I get weird numbness as well, although for me it's more of an on and off thing. It always starts on my left pinky finger, then my arms. Then I get really dizzy, usually when I'm in the car.
My Neuro appt. is this weekend, I'm praying for a simple referral.

Chiari can be so frustrating! I was treated for anxiety&panic attacks for about 10yrs. Middle of the night & all of a sudden I'd wake to my heart thumping so out of whack and I thought I was going to...I don't know... I just thought something was going to happen. And my heart was out of control. I was switched from anxiety meds. to propanol (in hopes the propanol would help w/the migraines)...but I was put back on the anxiety meds as the other was not much help, I didn't feel...or not as effective. My awesome NL believes I may have migraines separately. A Sumatriptan Nasal spray is my golden medicine for a migraine. But, given I just had the Decompression surgery, we shall see if the migraines lessen...which if at all related to the Chiari would be great!!!
But my goodness.....the heart palpitations are horrible!
My NL is firm on ruling things out before relating to Chiari...as I was sent to a Cardiologist for the palpitations. As well, she sent me for so many other tests... I had numbness on the left side of my body-scattered numbness, but just on left side-just as the tinnitus was on the left side too! But I had a dreadful EMG test done to rule out any peripheral nerve damage (?) or if it was from compressed nerves... To my surprise, the 2nd day in the hospital, after the surgery, when my Neurosurgeon came in to see me  (at least that's the 1st time I remember seeing him... As the 1st 2 days I don't remember much...but I DO slightly recall not being very compliant during a CT scan. :/  ) he did routine tests on me-he rubbed both sides of my face and I jumped (ok, it felt like I jumped...but likely my eyes opened big) b/c for the 1st time in 7 months,  the left side of my face wasn't numb!!! There's only a few things I've noticed that's changed since then....but I'm excited for the future!
Sooty to hear about your heart and our *lovely* brains!
I hope I can be of any help!

But Many of us from the lower eastern shore do seem to travel to the Baltimore region. As I know it is difficult to travel with our condition we try to find some one close. But not many doctors are well reversed in this area. I have had my DX for two years. So I have been to just about every where on the lower eastern shore but we just don't have the specialities needed. But the new one is Salisbury seems well versed on the condition. Even though he asked about the test that should be administered, I told him I already had the test and we are discussing surgery as of October 15. But he seems to be a nice person in general. But it takes time just don't feel like you have to go with one doctor especially if he automatically suggest surgery with out the necessary test results. Other than that just be well educated in this area. Best of luck

I'll be sure to mention these options to the neurologist, thank you.

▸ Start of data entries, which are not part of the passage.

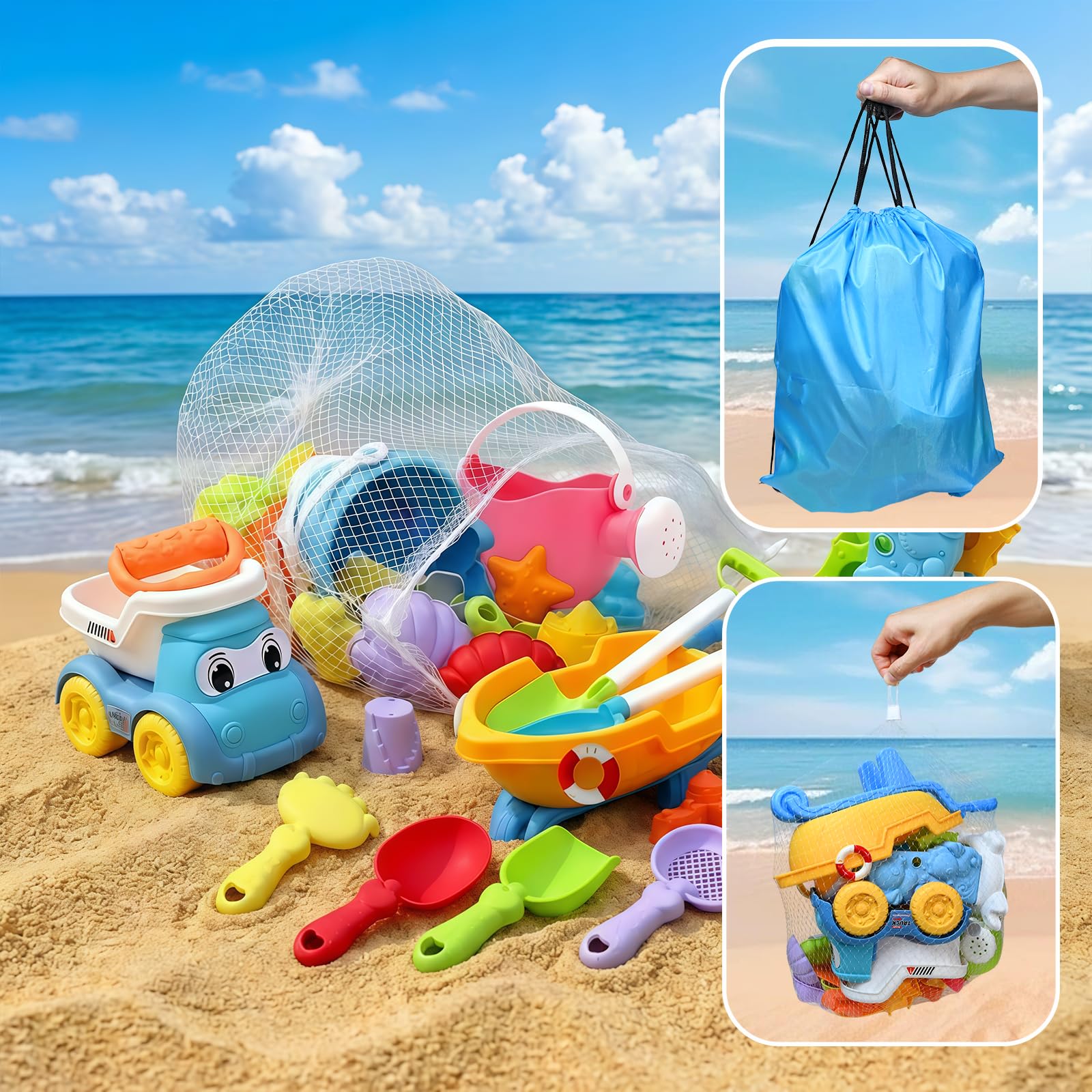 Set De Playa De 35 Piezas Para Niños Con Cubo Plegable, Vehículos Y Moldes De Arena – Ideal Para 3-7 Años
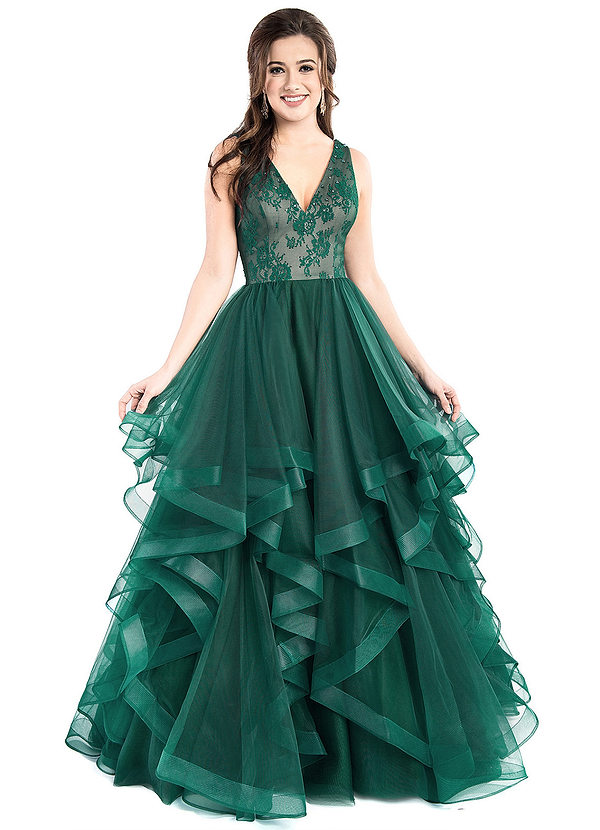 green floor length dress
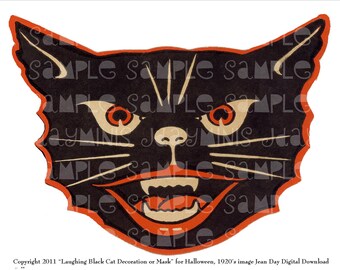 Halloween Mask Instant Digital Download, Laughing Black Cat, Vintage 1920's Art Deco Digital Collage DH010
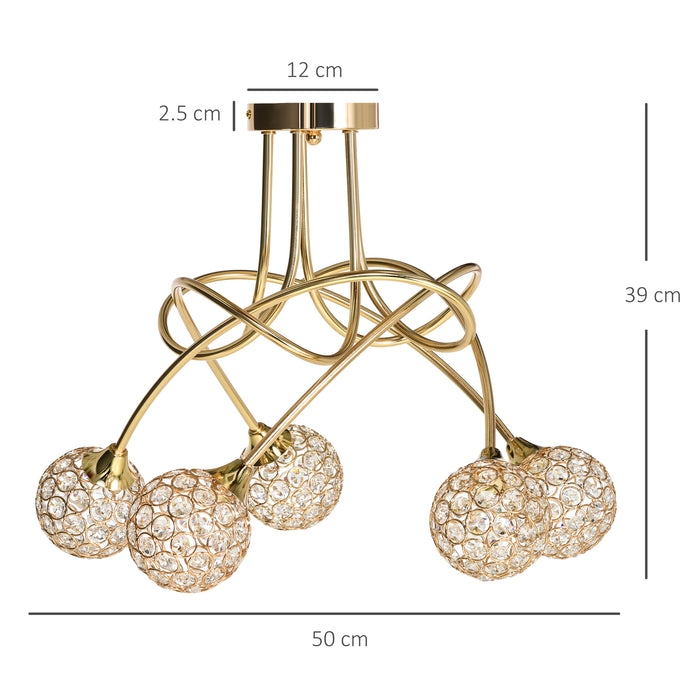 Crystal Chandelier - Contemporary 5-Lampshade Pendant Lighting Fixture with G9 Bulbs - Elegant Gold Tone Illumination for Living Rooms
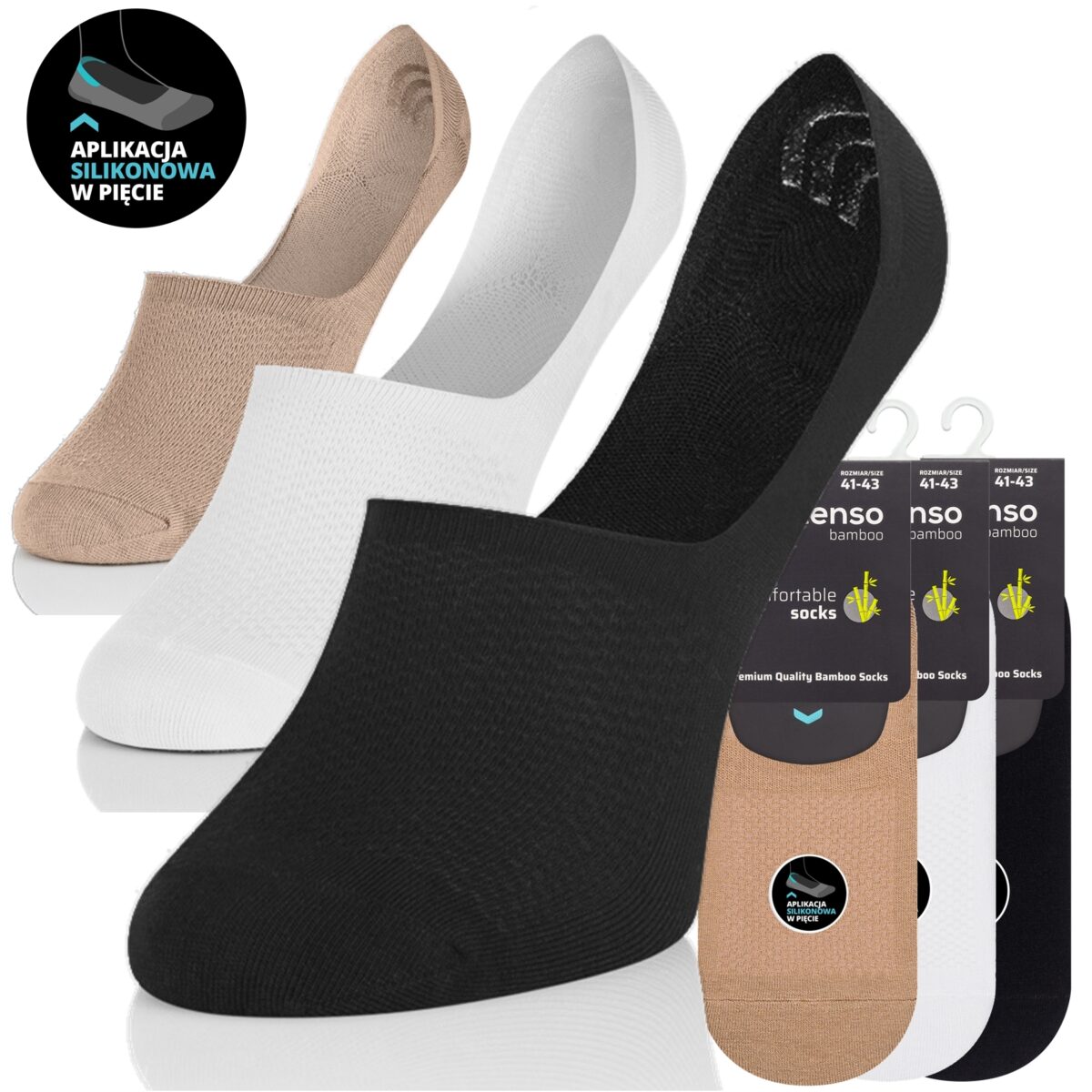 3-PAK STOPKI BAMBUSOWE MĘSKIE DO MOKASYN ODDYCHAJĄCE MIX1 ZESTAW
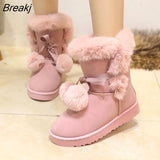 Fur Women Snow Boots Suede Winter Shoes Fur Ball Mid-Calf Boots Female Fashion Boots Non-Slip Snow Casual botas de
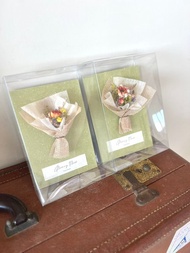 迷你乾燥花束心意卡・亮橘草綠 情人節禮盒母親節禮物母親節禮物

Flutterbye, your best bet is Bethesda. But there are a couple at John Hopkins and there is a new doctor is Salisbury at PRMC Neurosurgeons. I have met with the one is Salisbury, he seems pretty nice. Best of luck to you on your journey. I have a great NL to from Salisbury as I am also from Delmarva. I live in Maryland. So If you want we can communicate we can. You can add me as a friend.

  That's great as there are several Drs down there... and one of the East Coasts number one EDS Dr is in MD too!

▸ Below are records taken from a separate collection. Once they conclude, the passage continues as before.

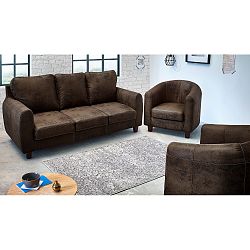 Sada 2 tmavě hnědých křesel s 3místnou pohovkou Bobochic Felicita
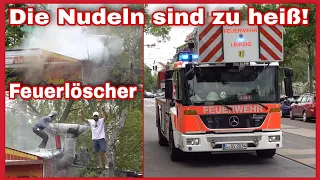 🆘️Erste Löschversuche🧯FEUERLÖSCHER🧯Auf Dach geklettert🔝FEUERWEHR kommt🚒BRAND in Leipziger Imbiss🔥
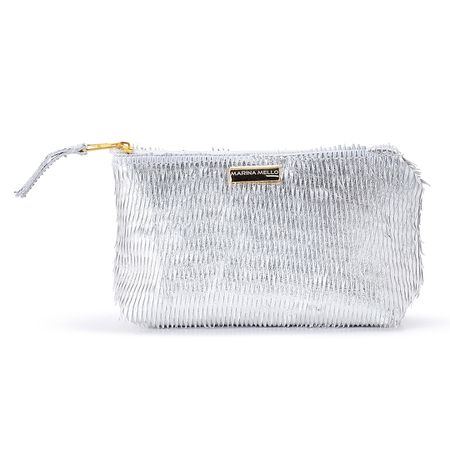 Necessaire Sienna em Couro Escama Prata Pequena - Marina Mello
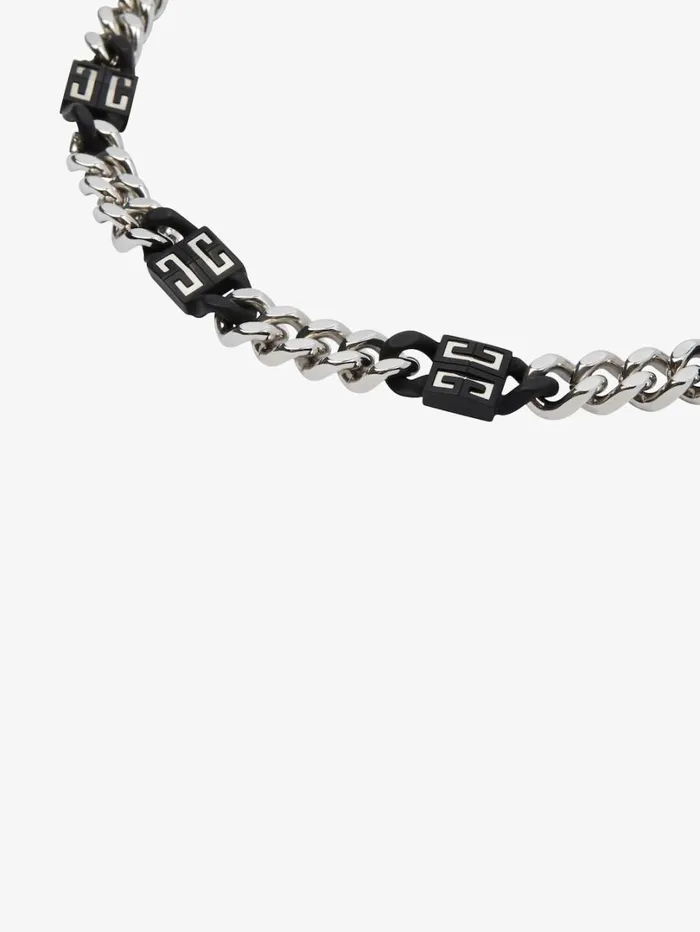 Givenchy 4G Short Necklace In Metal Blacksilvery Men Jewelry Givenchy 4G Short Necklace In Metal Blacksilvery Men Jewelry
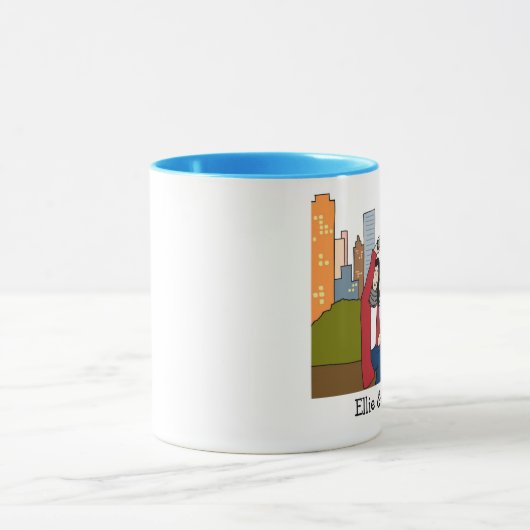 Paar met selfie-gepersonaliseerde cartoon mok (Midden)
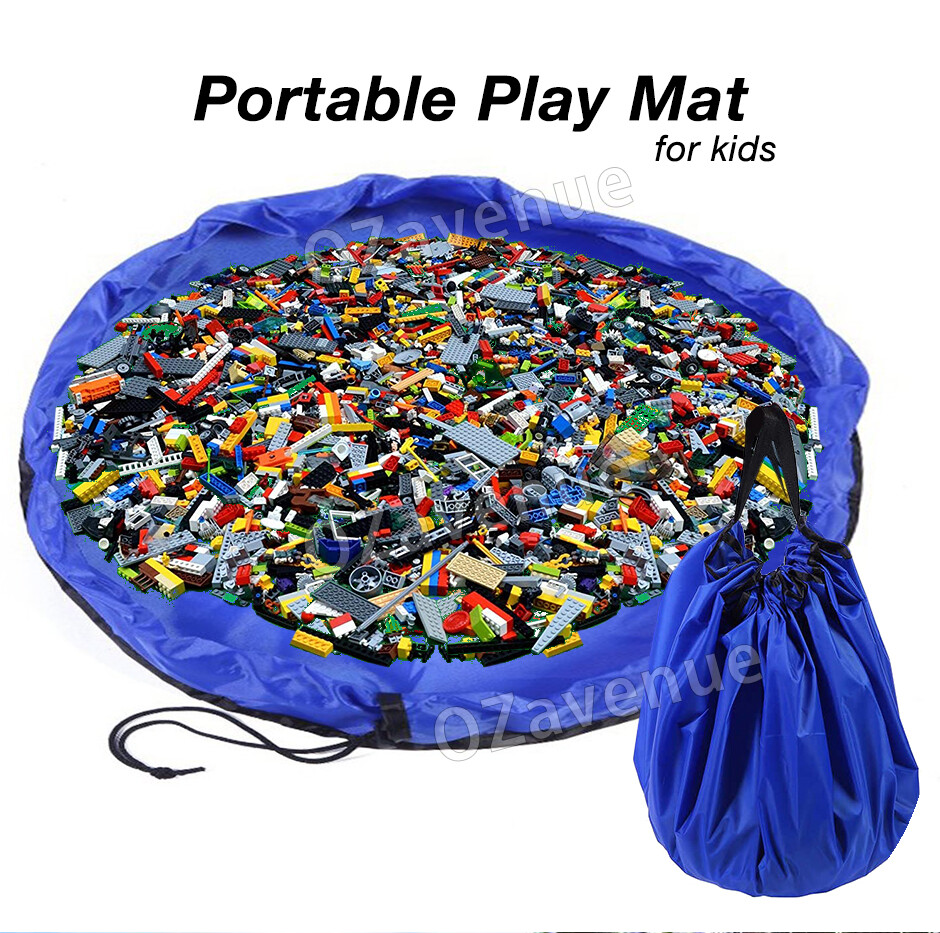 150cm Kids Play Mat Bag Portable Toy Storage Organizer Lego Toys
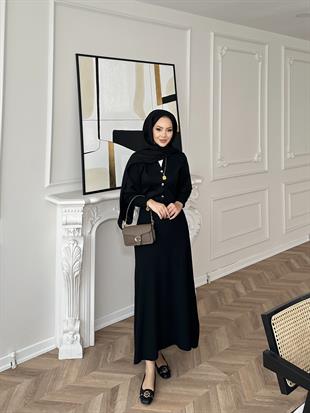 Ayda Triko Elbise Siyah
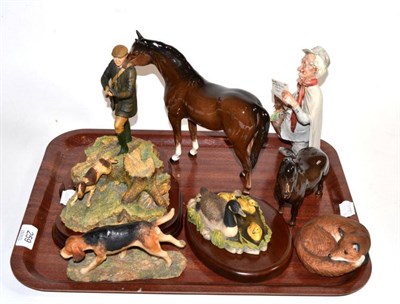 Lot 259 - Two Beswick horses and three Border Fine Arts models, a shooter and a duck group; an Aynsley...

Good luck and keep us posted.

Actually I know of a chiari specialist in Bethesda Maryland, which is near enough to wear I live that I can get there. I don't have an appt. yet, we're going to ask my regular neurologist to work towards switching us over so that it 'counts' in our insurance. We live in the DelMarVa area, so anywhere in DE MD or VA if you could look.

  Hi and welcome to the Chiari forum.

Having this condition is very stressful...and scary...BUT the Chiari itself can cause the heart palps and anxiety....Chiari affects the brain stem and spinal cord...so it can affect ALL of our functions.....

I had the heart palps and anxiety too....but all is gone now since I had surgery...having the right Dr to help you is key !

What area  do you live in....I can post some Drs names for you to research.....

I forgot to mention that initially the ordinary arrhythmia was triggered by caffeine, but I've now cut all caffeine (and chocolate, bah!) Out of my diet, and I was wondering what you've tried and what's worked. I was considering cutting sugar out of my diet and maybe gluten, but I'm unsure.